Bundling Python apps for the web & top level imports

The size of Python applications is clearly an issue for running it on a web page.

There are a number of attempts to address this, here I would like to start a discussion about the bundling of applications (i.e. taking a subset of Python files), as opposed to compressing all files or lazy loading which should probably be a separate thread.

I have started some experimental work on bundler for applications using Pyodide in GitHub - rth/pyodide-pack: Python package bundler for the web. There are likely various ways to improve this with dead code elimination / tree shaking and other things. One blocker I see however is the practice of using top level imports everywhere in Python ecosystem, particularly for binary extensions (which are quite slow to load in the browser).

There is maybe something that could be explored about rewriting code at packing time to move top level imports inside functions, but still it feels rather brittle.

So what was wondering about is whether it would make sense to have a coherent message for package maintainers about when one might want to avoid top level imports (particularly for C extensions) and instead might prefer imports inside methods/functions where these objects are actually used. I imagine there is some intersection there with optimizing import times in general (cc @mdroettboom ) as loading all those dynamic libraries even outside of the browser might be not ideal performance wise? This could apply to the stdlib as well.

To give a concrete example, numpy in its init will load most of the dynamic libraries it contains. For instance, it would load, _pocketfft_internal here which is used only one in the _raw_fft below. One could imagine moving that import directly to the function below. Most applications using numpy do not use FFT, but would still load it.

There are also downsides to moving import imports inside functions though,

  • it becomes more difficult to identify build issues. One needs to run a test suite to do so (or know which submodules to import) as opposed to just importing the top level module currently
  • there is a performance cost when calling that function in question, particularly for the first call.

I would be interested in some feedback about this issue.
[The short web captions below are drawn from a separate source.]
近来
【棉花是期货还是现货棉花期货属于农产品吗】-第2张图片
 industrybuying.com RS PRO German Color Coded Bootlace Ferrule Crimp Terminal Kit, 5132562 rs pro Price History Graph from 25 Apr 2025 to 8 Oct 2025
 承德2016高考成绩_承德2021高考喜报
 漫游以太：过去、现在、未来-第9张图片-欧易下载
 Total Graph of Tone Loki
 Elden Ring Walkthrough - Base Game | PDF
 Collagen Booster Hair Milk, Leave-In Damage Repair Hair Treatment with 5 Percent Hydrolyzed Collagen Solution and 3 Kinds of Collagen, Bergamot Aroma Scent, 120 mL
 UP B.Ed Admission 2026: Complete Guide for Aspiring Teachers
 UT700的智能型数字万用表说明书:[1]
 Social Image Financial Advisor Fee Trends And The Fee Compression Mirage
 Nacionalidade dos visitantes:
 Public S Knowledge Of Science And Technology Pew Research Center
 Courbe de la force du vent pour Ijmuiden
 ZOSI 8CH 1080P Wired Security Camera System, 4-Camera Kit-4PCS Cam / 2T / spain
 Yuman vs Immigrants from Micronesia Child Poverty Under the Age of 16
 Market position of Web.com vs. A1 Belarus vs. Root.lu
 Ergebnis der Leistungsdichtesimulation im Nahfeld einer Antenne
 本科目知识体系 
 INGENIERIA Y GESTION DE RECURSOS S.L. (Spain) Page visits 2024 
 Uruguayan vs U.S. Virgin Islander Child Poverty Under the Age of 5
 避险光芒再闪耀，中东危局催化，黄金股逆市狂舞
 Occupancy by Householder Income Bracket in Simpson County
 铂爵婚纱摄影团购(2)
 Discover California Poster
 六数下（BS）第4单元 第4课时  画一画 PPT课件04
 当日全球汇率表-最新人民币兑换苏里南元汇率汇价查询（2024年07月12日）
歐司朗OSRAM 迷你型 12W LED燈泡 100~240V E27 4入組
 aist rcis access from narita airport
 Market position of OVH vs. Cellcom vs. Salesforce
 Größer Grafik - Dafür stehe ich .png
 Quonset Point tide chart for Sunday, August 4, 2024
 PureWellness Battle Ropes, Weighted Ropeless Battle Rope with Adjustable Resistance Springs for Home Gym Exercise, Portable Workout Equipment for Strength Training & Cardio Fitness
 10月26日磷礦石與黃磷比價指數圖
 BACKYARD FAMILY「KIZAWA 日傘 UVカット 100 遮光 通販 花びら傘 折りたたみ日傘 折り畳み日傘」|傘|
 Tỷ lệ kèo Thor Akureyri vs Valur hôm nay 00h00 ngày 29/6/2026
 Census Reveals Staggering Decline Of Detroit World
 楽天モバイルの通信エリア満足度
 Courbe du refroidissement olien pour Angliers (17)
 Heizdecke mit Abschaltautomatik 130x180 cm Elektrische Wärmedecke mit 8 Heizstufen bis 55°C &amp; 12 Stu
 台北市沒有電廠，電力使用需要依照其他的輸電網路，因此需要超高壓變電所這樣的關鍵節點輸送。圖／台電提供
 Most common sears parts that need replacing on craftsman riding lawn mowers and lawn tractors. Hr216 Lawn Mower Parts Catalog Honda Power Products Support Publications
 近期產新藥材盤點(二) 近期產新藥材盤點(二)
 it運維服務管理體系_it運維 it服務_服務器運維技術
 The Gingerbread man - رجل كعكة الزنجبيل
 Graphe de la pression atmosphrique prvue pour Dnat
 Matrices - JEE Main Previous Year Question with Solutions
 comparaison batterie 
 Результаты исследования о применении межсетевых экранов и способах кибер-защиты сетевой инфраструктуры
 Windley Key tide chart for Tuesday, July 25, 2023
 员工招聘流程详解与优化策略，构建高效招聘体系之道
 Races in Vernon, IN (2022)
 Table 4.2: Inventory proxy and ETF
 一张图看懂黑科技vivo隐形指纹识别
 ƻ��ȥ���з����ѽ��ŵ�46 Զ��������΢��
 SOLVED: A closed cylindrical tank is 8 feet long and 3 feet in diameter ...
I imagine that’s a topic that was discussed at length before on other contexts.

There was also a somewhat related proposal Scientific Python - SPEC 1 — Lazy Loading for Submodules for scientific packages. Though I think for the WASM use case, if accepted, that might make the situation worse, as then it becomes even less predictable how many modules need to be loaded async over the network and where it happens in the code. Though maybe I’m misunderstanding how that SPEC would work.

cc @tiran @fpliger

3 Likes

There is also the very recently submitted PEP690 for lazy imports. It’s definitely more implicit than SPEC 1 – it just assumes that since lazy loading would be an optional flag (at least to start), there’s not as much need to really customize the behavior, since you can always fall back to eager loading (with a performance penalty).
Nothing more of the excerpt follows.